Andriesssens pianowerk is voor de korte baan en opvallend vaak geschreven voor vrienden en kennissen en daarmee dus ook vrij persoonlijk. En in een halve eeuw, het oudste stuk stamt uit 1956, het laatste uit 2006, componeerde Andriessen op zeer diverse wijze voor dit voor hem zo vertrouwde instrument. Zó divers, dat je soms het idee hebt dat je naar een andere componist zit te luisteren. Het oudste stuk is ‘Fantasie in Bes klein’, het enige stuk in het hoofdprogramma dat niet wordt gespeeld door één van de studenten, maar door Corver. De reden is dat het pas twee weken geleden opdook in de nalatenschap van een bevriende componist. Het is een sterk romantisch stuk, iets dat we niet direct met Andriessen associëren.
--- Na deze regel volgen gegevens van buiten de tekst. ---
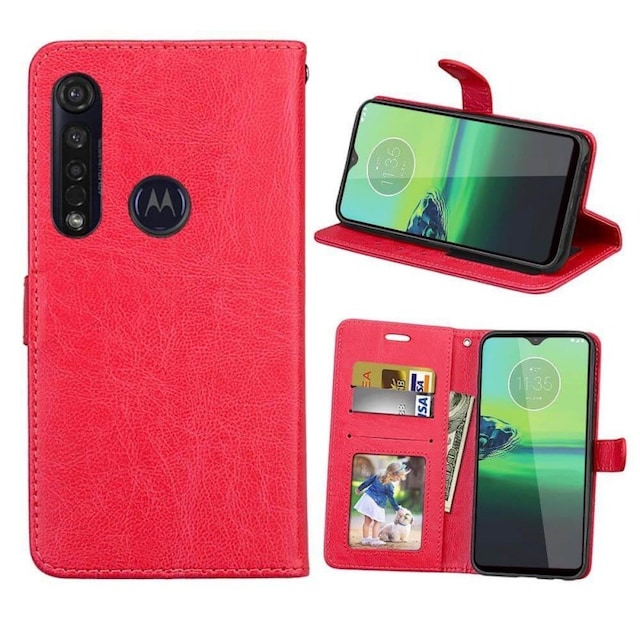 Mobil tegnebog 3-kort Motorola Moto G8 Play (XT2015-2)  - rød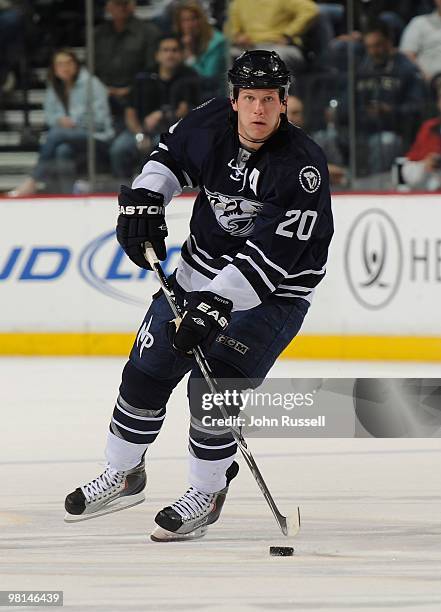 Ryan Suter of the Nashville Predators skates against the Detroit Red Wings on March 27, 2010 at the Bridgestone Arena in Nashville, Tennessee.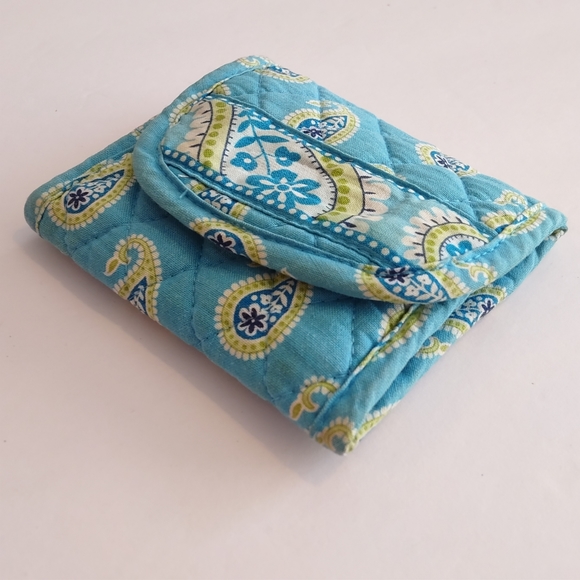 Vera Bradley Tri-fold Wallet Bermuda Blue - Picture 7 of 9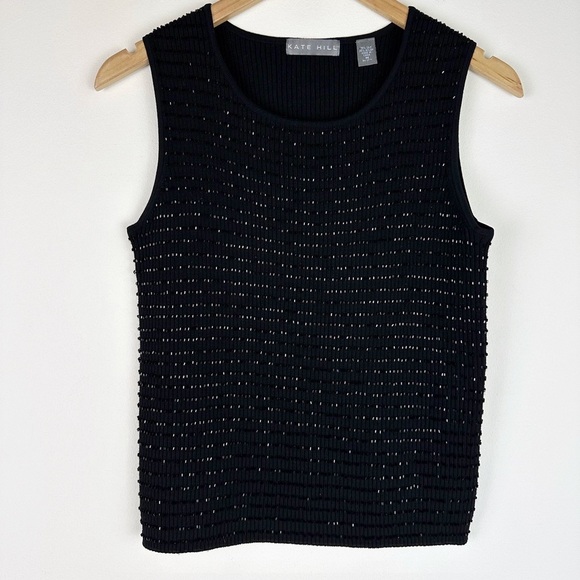 Kate Hill Silk Blend and Beaded Black Knit Top - Picture 1 of 6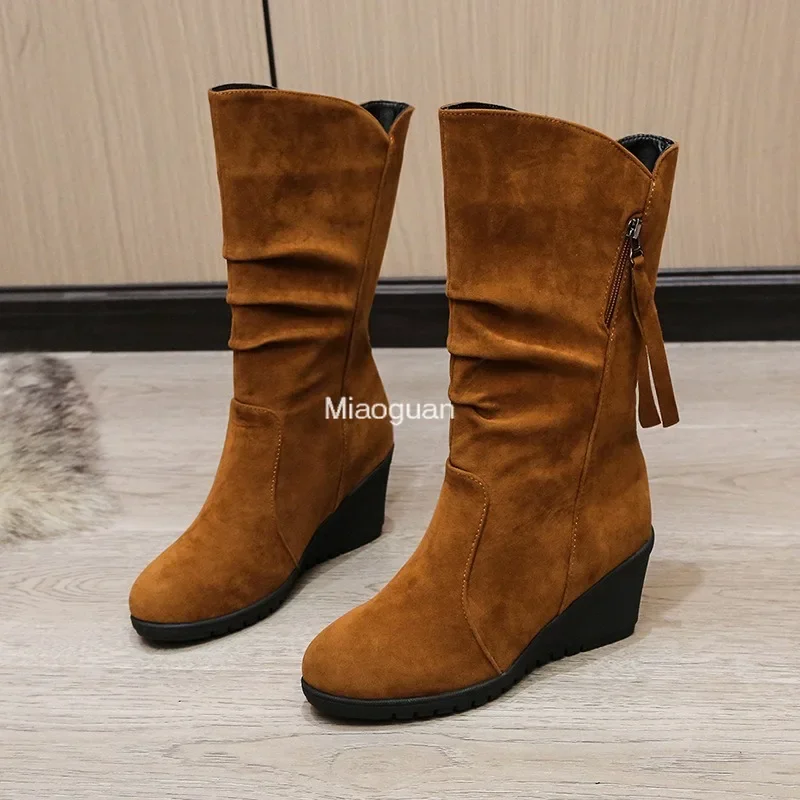 Vintage Faux Suede Wedge Ankle Boots for Women\'s 2024 Autumn Winter Warm Plush Flat Heels Short Boots Woman Slip on Cowboy Botas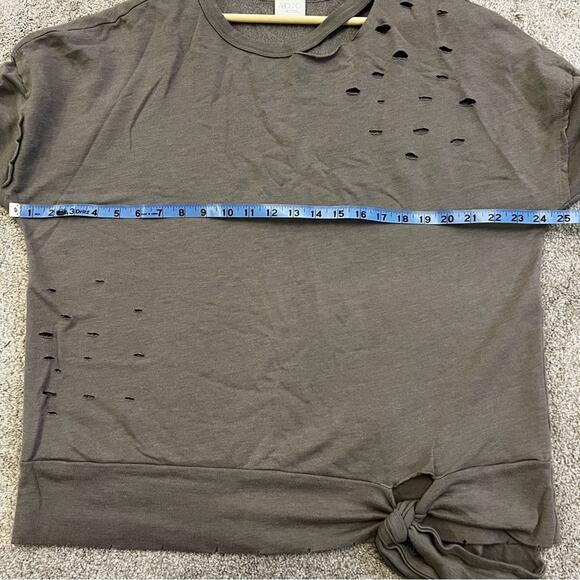 ABOUND Olive/Khaki Green Heathered TIE HIP Cotton Distressed SWEATSHIRT size L - Picture 14 of 16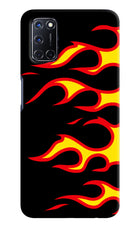 Side Sweep Flames Oppo A52 Hard Case Back Cover by Casekaro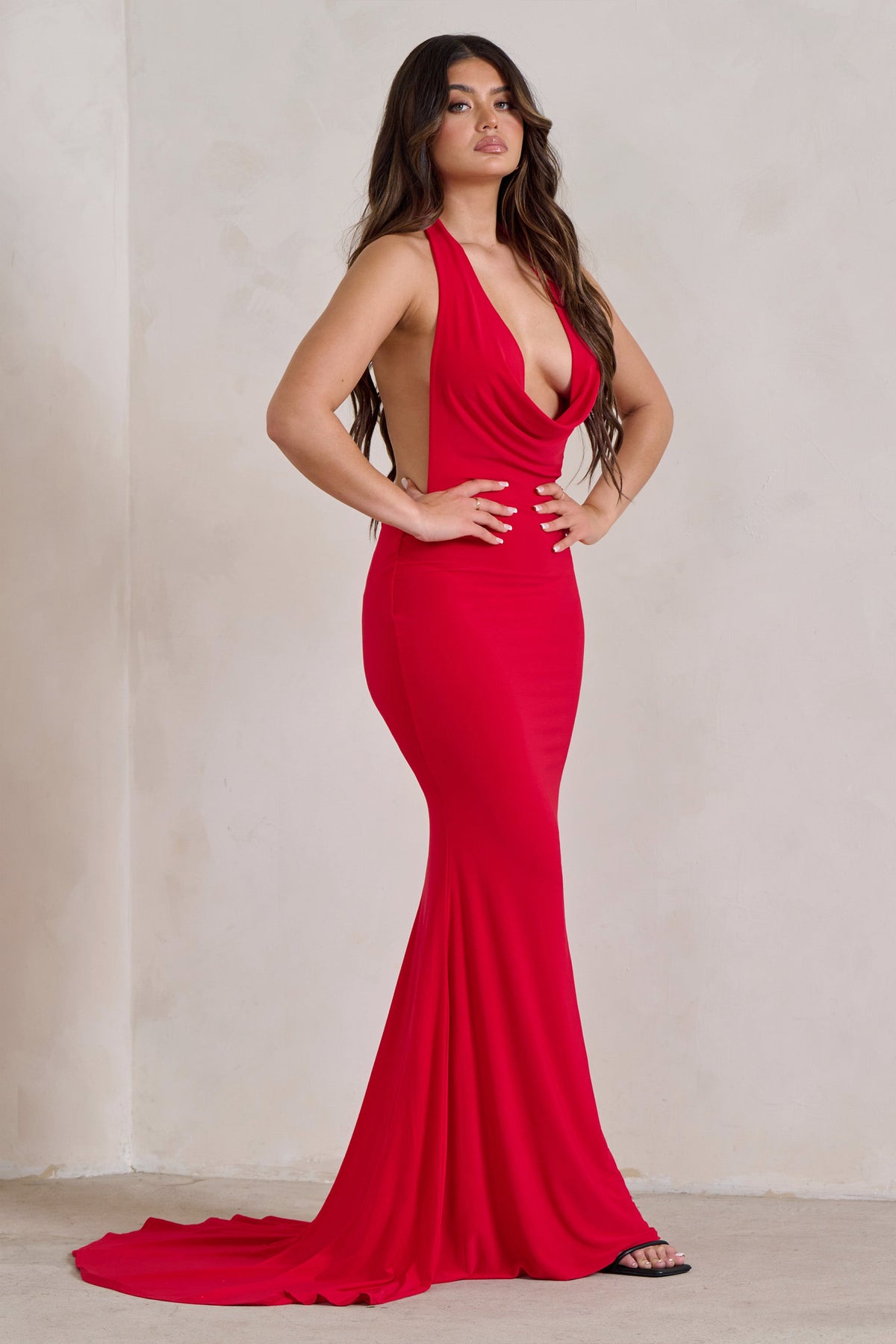 Red low back maxi dress Clearance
Maar goed, hij was toen natuurlijk pas zeventien en zal sterk geïnspireerd zijn geweest door het werk van zijn vader, Hendrik Andriessen.
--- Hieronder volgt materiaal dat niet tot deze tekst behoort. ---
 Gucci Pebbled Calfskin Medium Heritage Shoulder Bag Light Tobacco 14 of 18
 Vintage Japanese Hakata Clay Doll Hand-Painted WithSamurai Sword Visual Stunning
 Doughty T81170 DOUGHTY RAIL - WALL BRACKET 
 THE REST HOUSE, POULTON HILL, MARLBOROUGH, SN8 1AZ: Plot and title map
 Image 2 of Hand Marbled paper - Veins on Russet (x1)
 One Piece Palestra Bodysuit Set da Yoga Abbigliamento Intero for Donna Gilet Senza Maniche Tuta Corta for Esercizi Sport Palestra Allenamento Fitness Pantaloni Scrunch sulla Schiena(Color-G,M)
Wat verderop horen we hem experimenteren met aan improvisatie verwante muziek en klinkt ook de invloed van de jazz door, bijvoorbeeld in het uit 1966 stammende ‘Ricercare’. Maar ook op andere vlakken experimenteert Andriessen, bijvoorbeeld in de ‘Trois Pièces’ uit 1961 die worden gespeeld met de linkerhand, of ‘The Memory of Roses’ waarin de pianist zowel een speelgoed piano als een gewone piano bespeelt. In dit stuk uit 1992 horen we ook een ander belangrijk aspect terug uit de muziek van Andriessen: de aandacht voor klank. De wijze waarop hij hier de klanken van beide instrumenten met elkaar verweeft, is meer dan goed doordacht. Die aandacht voor klank blijkt ook uit de wijze waarop hij met nagalm omgaat. We vinden dat mooi terug uit het uit 1966 stammende vrij abstracte ‘As You Like It’, maar bijvoorbeeld ook in het prachtige slot van ‘Trepidus’, uit 1983, waar de klanken na een heftige uitbarsting zeer langzaam uitdoven.
Zijn grote faam dankt Andriessen aan de werken die hij in de jaren ’70 en ’80 schreef en die een zekere verwantschap vertonen met de Amerikaanse minimal music, maar dan met meer dynamiek, afwisseling en duidelijk geïnspireerd door de jazz. ‘De Staat’ uit 1976, ‘Mausoleum’ en ‘De Tijd’ uit 1979 en ‘De Snelheid’ van enkele jaren later zijn slechts een aantal van die kenmerkende stukken die zijn internationale faam zouden vestigen en ervoor zorgden dat in latere jaren menig buitenlands componist naar Den Haag afreisde om les te krijgen van de meester. Enige jaren geleden maakten de pianisten Gerard Bouwhuis en Cees van Zeeland een bewerking van dat eerste stuk, ‘De Staat’, voor twee piano’s. Andriessen vond het goed, mits Bouwhuis voortaan altijd één van de twee uitvoerders zou zijn. En dus voerden Bouwhuis en Corver dit zeer ritmische, energieke werk gisterenavond tot slot samen uit. Een krachtige uitputtingsslag, op het scherpst van de snede. En als ik dan toch een componist moet noemen waar dit stuk, in deze uitvoering, mij aan doet denken dan is het Julius Eastman. Al zijn de verschillen net zo opvallend als de overeenkomsten.